L’essai, passionnant, de Zanes nuance le jugement de Marcus (1). Il souligne que si Nebraska a bien une dimension intime, l’album dresse aussi le portrait de l’Amérique violente et claustrophobique des années 1950, qui sont celles de l’enfance du rockeur. Plus encore que ceux de Ronald Reagan, ce sont les États-Unis de Charles Starkweather, un tueur en série, qui structurent l’imaginaire de Nebraska. L’homme, qui a laissé une traînée de sang dans le Midwest fin 1957-début 1958, a inspiré le film Badlands (La Balade sauvage) de Terrence Malick et la chanson. Mais les deux évocations divergent, comme le signale Zanes. Le cinéaste en fit une lecture romantique, alors que le musicien mit l’accent sur la brutalité et la gratuité des crimes. Les sessions d’enregistrement de l’album Born in the USA confirment sa perception pessimiste et désabusée. Sous l’exubérance d’un rock énergique se cache le destin de personnages fragiles ou perdus (Dancing in the Dark) qui contemplent l’échec de leur vie privée (Downbound Train) ou le déclin de leur ville (My Hometown). Au cours des sessions d’enregistrement, Springsteen empile les titres, dans la veine de Nebraska, dont certains, comme A Gun in Every Home (« Une arme dans chaque foyer ») ou Murder Incorporated (« Meurtre en société anonyme »), poursuivent l’exploration d’une Amérique violente. Steven Hyden revient longuement sur une chanson restée inédite, The Klansman, qui évoque le recrutement d’un jeune Américain par le Ku Klux Klan (2).

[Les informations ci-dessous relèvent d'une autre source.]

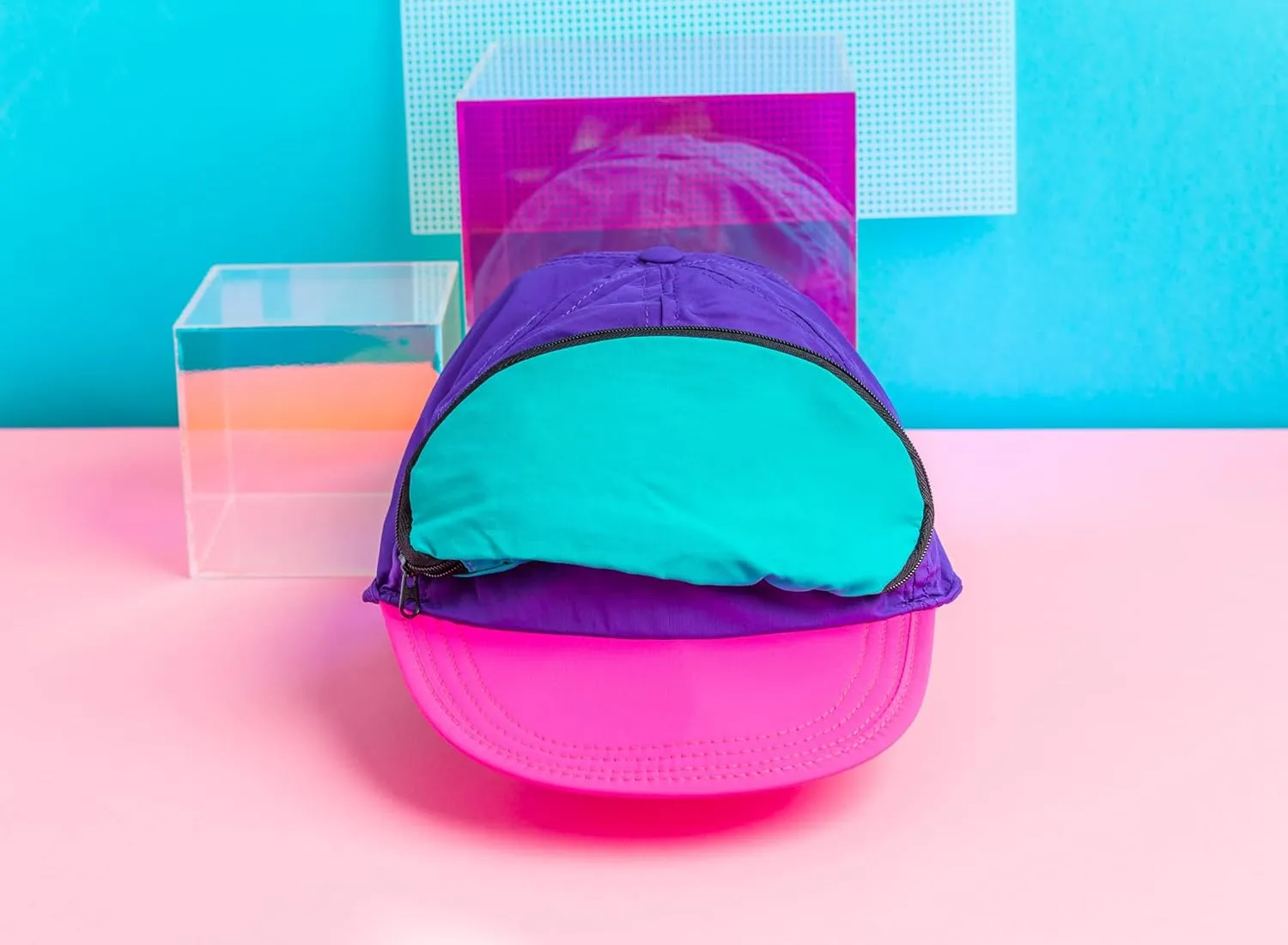 Fanny Pack Hat  Retro Neon 80s/90s Costume Hat with Hidden Zipper Pocket | Adjustable Festival & Rave Cap | Funny 80s Party Accessory & Gag Gift for Men & Women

Si les deux albums s’opposent formellement — l’un relevant de l’esthétique du do it yourself, enregistré à domicile et sur lequel Springsteen joue de tous les instruments, l’autre aspirant à la perfection du son —, ils n’en constituent pas moins un inséparable duo, comme le soulignent Zanes et Hyden. Ce dernier replace l’album le plus vendu de Springsteen (trente millions d’unités) dans un contexte culturel en mutation : émergence du vidéoclip et de la chaîne MTV, tentatives de raconter musicalement l’Amérique profonde sur un autre mode (Tom Petty, John Mellencamp, R.E.M.) que celui du reaganisme triomphant. Hyden rappelle le succès commercial de ces artistes et de leurs albums tout autant que leur impuissance. Le heartland de l’Amérique et sa bonté, pour reprendre un propos de Springsteen dans le magazine Rolling Stone en 1984, a finalement été enseveli par la révolution néoconservatrice… There Was Nothing You could do (« Il n’y avait rien à y faire »), y compris quand on est Springsteen, comme le dit si bien le titre de l’essai de Hyden. Les récentes polémiques sur la flambée des prix des billets de concert et la mise en place d’une « tarification dynamique » (dynamic pricing) par le géant de la billetterie Ticketmaster (3), le tout accepté par Springsteen, témoignent à tout le moins de sa résignation.